日本戦を解説していた本田氏も、「(他の選手は)サポート行かんでいいよ」「もう(三笘を)使ったらええねん」「素晴らしい対応」「三笘さんのプレーやばいっすね。ワールドカップ終わったらビッグクラブでしょ」と感嘆するほどだった。
クロアチア戦の直後、「全部が足りなかった」と悔しさをにじませた三笘。一夜明け、4年後への決意を語った。
「(4年後は)間違いなく日本代表を背負っていかなければならない存在だと思う。そこでこの悔しさをぶつけないと。ベスト8に導けるようなプレイヤーにならないといけない」(三笘薫)
世界に衝撃を与えた三笘薫のプレー。データスタジアム社所属のサッカーアナリスト・滝川有伸氏は、日本代表が仕掛けた“ドリブルの回数”に着目して解説した。
「日本代表の“ドリブル数”のランキングを見ると(三笘選手が)1位になっていて、成功率も高い。ドリブルの軌跡を図で見てみると、サイドのタッチライン際から中に切り込んでいくプレーが多かったが、クロアチア戦では1人でミドルシュートを放っていた。カウンターといういまの日本の“強み”を支えるキーになっている」
「低い位置から奪って、1人で相手を引き連れて加速していくのが三笘選手のドリブルの特徴だ。
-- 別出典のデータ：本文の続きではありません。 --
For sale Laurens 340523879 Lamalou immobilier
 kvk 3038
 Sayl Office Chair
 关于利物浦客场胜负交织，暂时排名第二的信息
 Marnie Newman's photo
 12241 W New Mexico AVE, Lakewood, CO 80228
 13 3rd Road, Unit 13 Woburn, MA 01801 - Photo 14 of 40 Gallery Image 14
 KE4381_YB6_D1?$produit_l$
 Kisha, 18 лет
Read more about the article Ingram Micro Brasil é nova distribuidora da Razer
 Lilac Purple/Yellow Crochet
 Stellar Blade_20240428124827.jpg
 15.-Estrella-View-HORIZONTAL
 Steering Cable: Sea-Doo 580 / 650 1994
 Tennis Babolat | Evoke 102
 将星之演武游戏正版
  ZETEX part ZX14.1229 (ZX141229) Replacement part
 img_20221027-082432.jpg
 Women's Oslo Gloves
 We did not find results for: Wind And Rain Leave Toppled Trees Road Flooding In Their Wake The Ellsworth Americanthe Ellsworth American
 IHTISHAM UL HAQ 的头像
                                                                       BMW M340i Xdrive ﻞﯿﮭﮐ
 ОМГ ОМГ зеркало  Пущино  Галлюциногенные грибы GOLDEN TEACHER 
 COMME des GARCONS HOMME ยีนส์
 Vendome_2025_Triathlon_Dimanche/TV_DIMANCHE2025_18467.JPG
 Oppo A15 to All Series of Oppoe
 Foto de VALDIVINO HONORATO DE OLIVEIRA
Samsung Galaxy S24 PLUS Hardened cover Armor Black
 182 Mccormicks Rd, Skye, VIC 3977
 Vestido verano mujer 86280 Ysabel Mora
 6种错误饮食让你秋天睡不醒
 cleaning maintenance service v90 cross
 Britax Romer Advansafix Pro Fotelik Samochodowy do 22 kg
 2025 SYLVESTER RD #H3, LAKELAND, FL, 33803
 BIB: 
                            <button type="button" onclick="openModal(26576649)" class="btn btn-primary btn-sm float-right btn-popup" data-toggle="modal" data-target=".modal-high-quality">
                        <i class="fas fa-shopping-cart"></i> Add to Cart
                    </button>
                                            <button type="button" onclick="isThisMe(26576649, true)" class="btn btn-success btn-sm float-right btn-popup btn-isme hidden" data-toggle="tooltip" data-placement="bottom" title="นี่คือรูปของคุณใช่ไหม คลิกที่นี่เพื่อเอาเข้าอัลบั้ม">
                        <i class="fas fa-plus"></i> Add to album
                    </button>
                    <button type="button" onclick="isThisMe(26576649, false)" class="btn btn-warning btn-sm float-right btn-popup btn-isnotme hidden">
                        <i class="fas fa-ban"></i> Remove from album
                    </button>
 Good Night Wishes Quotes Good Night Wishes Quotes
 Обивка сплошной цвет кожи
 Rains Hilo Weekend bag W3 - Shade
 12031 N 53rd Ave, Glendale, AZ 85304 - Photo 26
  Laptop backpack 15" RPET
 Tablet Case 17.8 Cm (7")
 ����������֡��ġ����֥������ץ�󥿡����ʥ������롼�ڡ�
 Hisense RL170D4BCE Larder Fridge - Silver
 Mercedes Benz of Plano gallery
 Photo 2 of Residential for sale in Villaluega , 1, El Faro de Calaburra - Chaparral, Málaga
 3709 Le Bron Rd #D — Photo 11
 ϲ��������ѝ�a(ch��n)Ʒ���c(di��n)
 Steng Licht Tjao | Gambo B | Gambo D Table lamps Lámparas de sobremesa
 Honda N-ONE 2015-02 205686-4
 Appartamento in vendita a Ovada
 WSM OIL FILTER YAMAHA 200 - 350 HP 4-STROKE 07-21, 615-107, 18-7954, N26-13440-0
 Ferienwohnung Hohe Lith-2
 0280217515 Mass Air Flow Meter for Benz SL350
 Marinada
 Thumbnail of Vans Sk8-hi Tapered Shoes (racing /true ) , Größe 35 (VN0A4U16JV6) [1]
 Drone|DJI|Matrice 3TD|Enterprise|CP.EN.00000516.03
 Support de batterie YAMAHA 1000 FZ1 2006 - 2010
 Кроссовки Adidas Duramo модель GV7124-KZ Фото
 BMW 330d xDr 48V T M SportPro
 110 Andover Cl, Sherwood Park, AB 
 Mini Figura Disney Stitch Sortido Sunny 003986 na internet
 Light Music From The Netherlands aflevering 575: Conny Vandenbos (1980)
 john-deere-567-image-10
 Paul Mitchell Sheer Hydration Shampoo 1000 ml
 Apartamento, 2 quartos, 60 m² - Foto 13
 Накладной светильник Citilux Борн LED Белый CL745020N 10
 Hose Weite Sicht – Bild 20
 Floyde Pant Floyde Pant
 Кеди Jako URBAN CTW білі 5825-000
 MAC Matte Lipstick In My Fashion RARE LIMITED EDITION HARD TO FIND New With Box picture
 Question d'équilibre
ドイツ戦のゴールにも絡んでいたが、仕掛けることで相手が寄ってくる。そうすると、他の選手にマークがつかなくなり、そこにパスを出すなどの最後のプレーの選択肢が増える。今大会では全て途中出場だが、次回大会に向けてもうひとり三笘選手のようなプレイヤーが出てくると、“頭から三笘”の戦術も生まれ、2段階で攻めることも可能になるのではないか」
(『ABEMAヒルズ』より)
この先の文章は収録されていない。